However, it appears that there are two assumptions underlying the gift giving literature. First, there is a distinction between utilitarian and experiential gift giving, and a tacit understanding that either utilitarian or experiential motives underlie gift giving and that they cannot operate simultaneously (for an exception see, Wolfinbarger and Yale 1993). Second, it seems that the symbolic value of the gift has more importance than its economic value. Because most of the value of the gift stems from the thought and effort put into its selection, gifts of cash or gift certificates appear as inappropriate, impersonal and too materialistic unless they are given in certain contexts such as weddings.

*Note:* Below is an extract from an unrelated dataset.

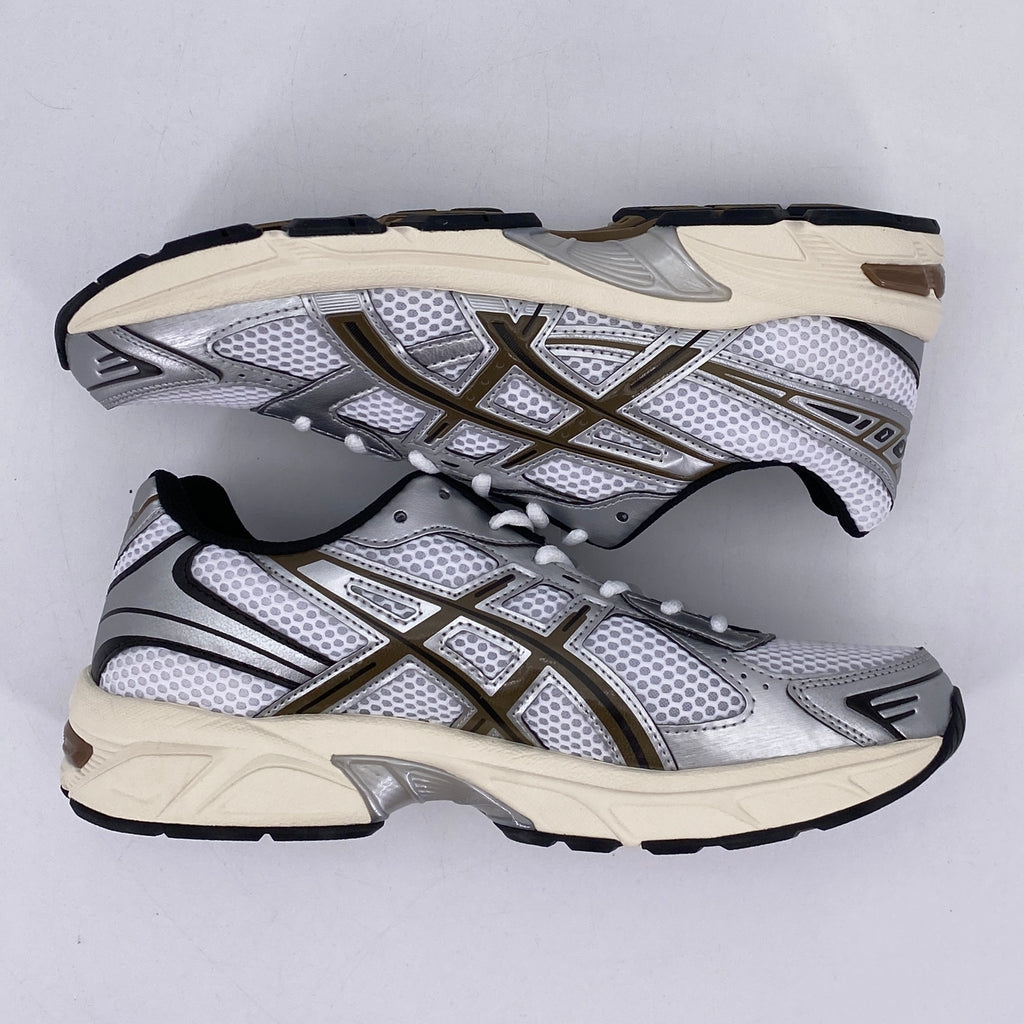Asics Gel-1130 "White Clay Canyon" 2023 New Size 8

This study aims to extend the literature by examining a gift giving behavior in which the distinctions between utilitarian and experiential motives, and economic and symbolic values are blurred: giving gold jewelry and gold coins as gifts. There are several reasons for our focus on gold. First, gold and gold jewelry seem to share many aspects of a gift identified by Belk (1979) including communication, social exchange, economic exchange, and socialization. Jewelry is often characterized as a favorite, popular and traditional gift item (Wolfinbarger 1990; Belk and Coon 1991). It is a highly communicative product (Holman 1981) that carries social cues (Belk and Zhaou 1987). Gold and gold jewelry also facilitate social exchange. Jewelry is perceived as expressive of social connection (Wallendorf and Arnould 1988) and symbolizing relationships in rites of passages (Noble and Walker 1997). Gold, on the other hand, serves as a symbol of continuance and merit, and signifies attainment of high standards (Clark 1986). It is also a medium of exchange that can function as a store of value, and therefore, has an economic value.

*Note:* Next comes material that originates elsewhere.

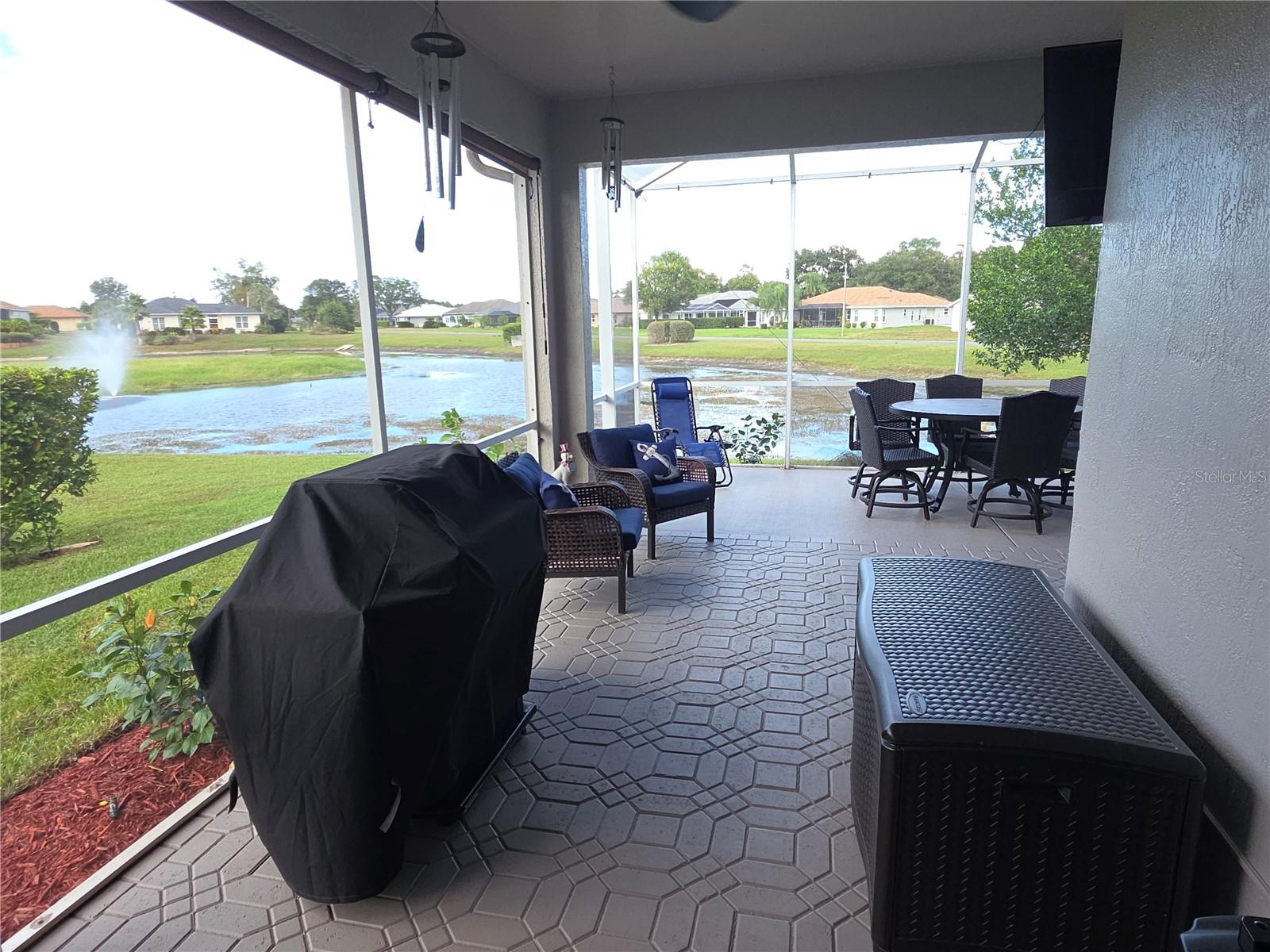 GLEN LAKES PH 1 - Residential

Furthermore, gold is a major investment, adornment and gift item in the Turkish society. In fact, Turkey constitutes one of the world’s biggest gold consumption markets, ranked as fifth in demand ( 2003). In Western markets gold jewelries are usually low carat and they are bought primarily as items of adornment. In Asia and Middle East, on the other hand, most of the gold jewelries are high karat, which can be easily converted back into gold. In Turkey, the main karat marks for gold jewelry are 14, 18 and 22. The 14 and 18 karat jewelry are usually considered as modern designs, whereas the 22 karat gold jewelry is perceived more as an investment tool. The gold coins, on the other hand, come in five different sizes. In Turkey, gold jewelry and coins are traditionally given as gifts in ritualistic occasions. Receiving gold also plays an important role in the empowerment of Turkish women (Sirman 1991). The gold items the bride acquires in her wedding are considered as her property and wealth, and serve as a safeguard against misfortunate events (Neuberger 2001). In this study we explore the occasions gold jewelry and coins are given as gifts, and discuss the underlying motives and meanings as well as the functions gold gifts serve.

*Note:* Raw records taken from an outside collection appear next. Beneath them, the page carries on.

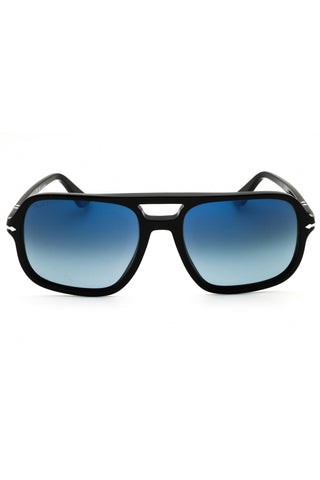 Persol PO3328S Sunglasses-AmbrogioShoes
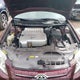 4T1BK36B27U186457 2007 Toyota Avalon Limited auction photo thumbnail 10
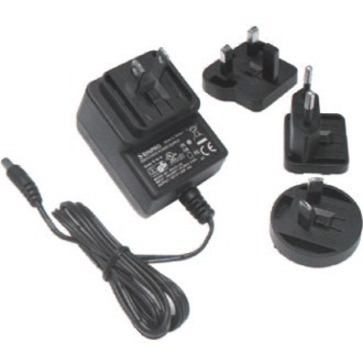Opengear AC Adapter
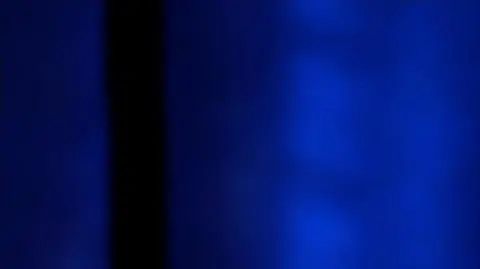 Dziemianowicz-Bąk: Chcielibyśmy, żeby wynik był lepszy, ale nie poddajemy się. Lewica jest trzecią siłą parlamentarną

Given the exploratory nature of the study we adopted qualitative research methods which are deemed better for obtaining an in-depth understanding of the phenomenon (Denzin and Lincoln 1994) and capturing consumers’ own perceptions and subjective apprehensions (Berg 1989). The study was conducted in Ankara, Turkey in the summer of 2003. In the light of previous studies suggesting that women are more involved in gift exchanges (Fischer and Arnould 1990; Otnes, Lowery, and Kim 1993) we selected twenty female Turkish respondents through purposive sampling (Maxwell 1996). The age of the informants ranged from 24 to 55, allowing us to explore gift-giving behaviors of women at different life cycle stages. They belonged to high and middle-income groups, and hence, constituted a heterogeneous faction. Income was defined in terms of monthly household revenue, and classified based on an updated edition of Prime Ministry State Institute of Statistics 1994 (Sonmez 2001).

Data collection procedure included projective techniques of free associations and picture associations followed by semi-structured, in-depth interviews. Projective techniques have been frequently employed in consumer behavior research to overcome social desirability bias and bring into light the latent and unconscious components of individuals’ personalities (Levy 1985; Rook 1988). The informants were first instructed to right down whatever comes to their mind when they hear the word 'gold’, and then the same procedure was repeated for the word 'gold jewelry’. After they accounted how these associations came to their mind, they were given six pictures of females and were asked to describe the women’s use of gold jewelry. The semi-structured interviews lasted from 30 to 120 minutes. These were designed to elicit stories of giving and receiving gold jewelry/coins as gifts.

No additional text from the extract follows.